Depending on the story, exclusives can get different treatment. Sometimes interviews with a key figure or juicy tidbits of information are offered as exclusives — it all depends on the terms agreed upon by both parties (we’ll get to that in a moment).

What should you pitch as an exclusive? It must be something truly newsworthy. No journalist worthy of the name will bite if you offer them an exclusive on the launch of your new website. Maybe you are making a significant new hire or acquisition that will turn heads. It could also be the launch of a new service area or product. Whatever the specifics, exclusives are for something really big. 

Media exclusives: how and when to use them

 

How to pitch an exclusive

  • Do your research.

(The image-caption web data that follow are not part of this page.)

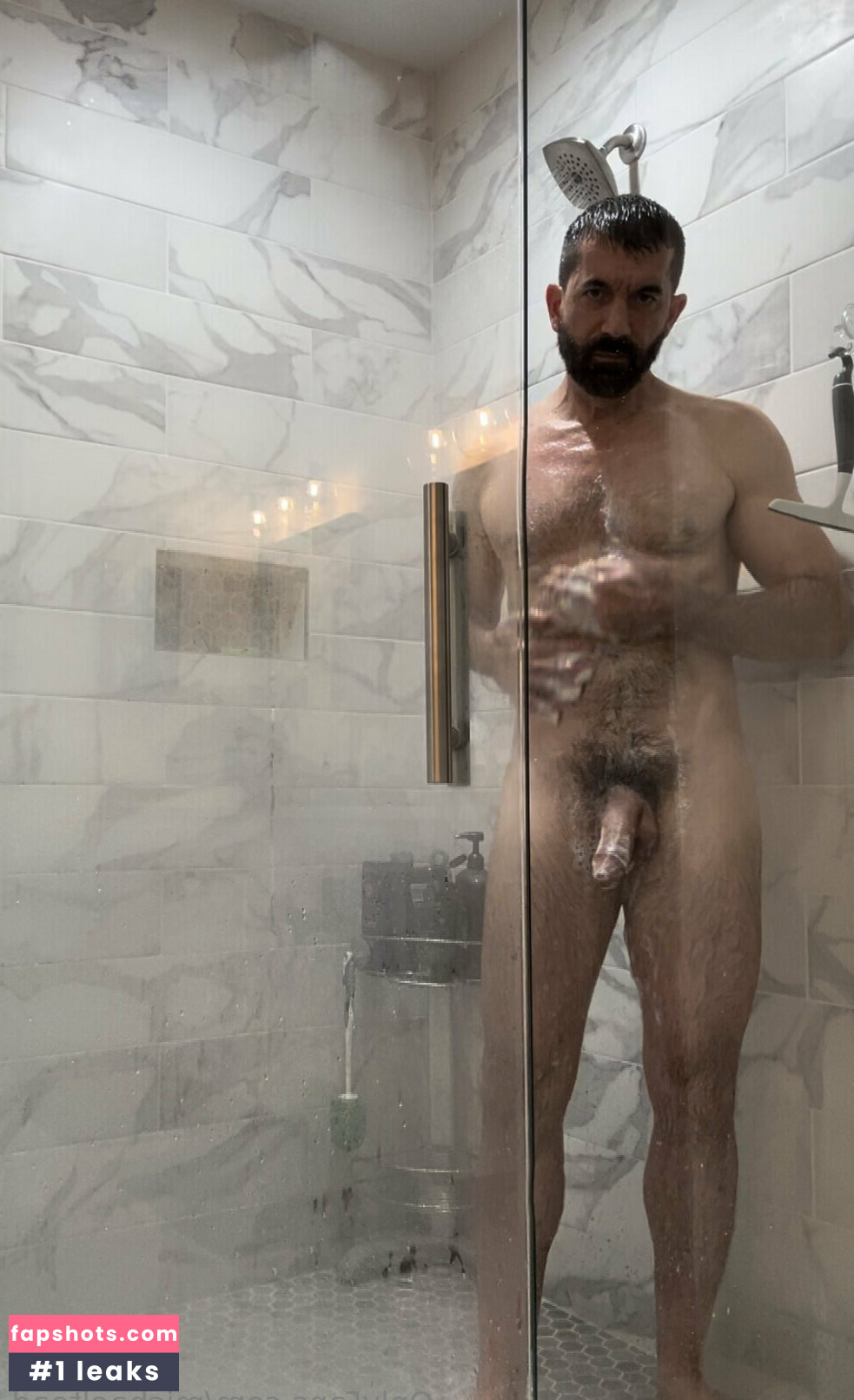 michaeltoad Nacktheit OnlyFans Fotos #15 - Fapshots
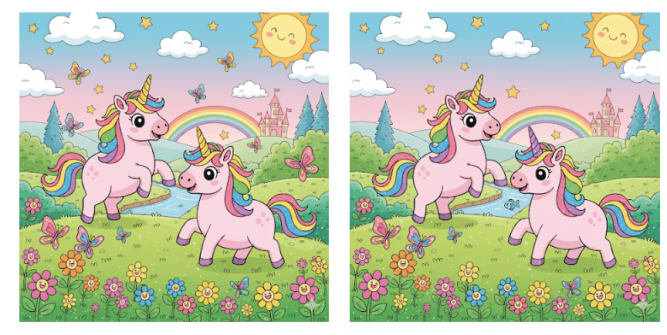 317-Fantasy-Spot-the-Difference-Prompts-Review-OTO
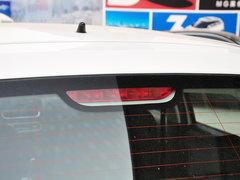 2014款 1.5L 自动 精英版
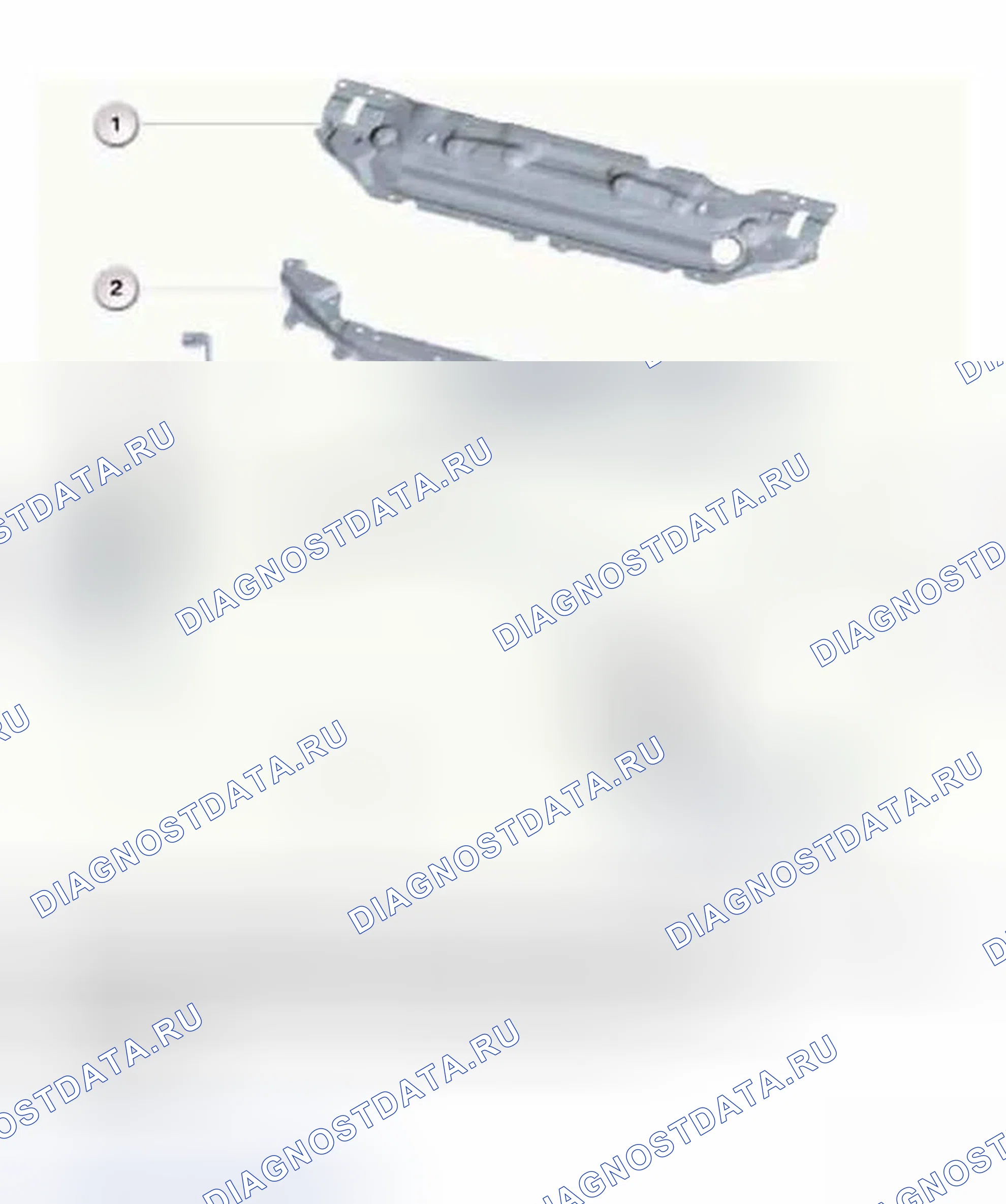 Рис. 2. BMW M5 E60/E61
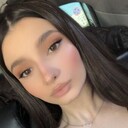 ���������� ������, ���� ������� ����, 25 ���, ������������ ��� ������, ����� � ���������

Make sure you pitch to a journalist who actually covers your industry and can do your news justice. Look for similar stories that have handled the topic the way you want your exclusive covered and make a list of potential journalists to contact.  
  • Reach out. Some newsrooms list staff email addresses under the “Contact us” section of the website, and others don’t mind being contacted via online platforms like Twitter — but navigating this territory can be intimidating and time-consuming. (Partnering with a public relations agency that has established media relationships and resources can be more efficient. Wink.) 
  • Pitch one outlet at a time. Plan to give editors/producers a few days to accept or reject your pitch before sending it elsewhere. You don’t want two different outlets interested in the same exclusive at the same time — that could damage your credibility with both. Be clear when you send the exclusive pitch that there is a deadline for them to get back to you, or you’ll move on. 
  • Write the headline for them. When you send your pitch, write your subject line like it’s the headline of the story. Try to give them the “meat and potatoes” of the pitch in as few words as possible.   
  • Make sure to note your story is off the record until terms are agreed upon. The last thing you want to do is waste an opportunity to make your story go as far as possible by giving the outlet too much information outright. Be sure to communicate that the pitch is off the record until the exclusive is agreed upon to avoid a mixup.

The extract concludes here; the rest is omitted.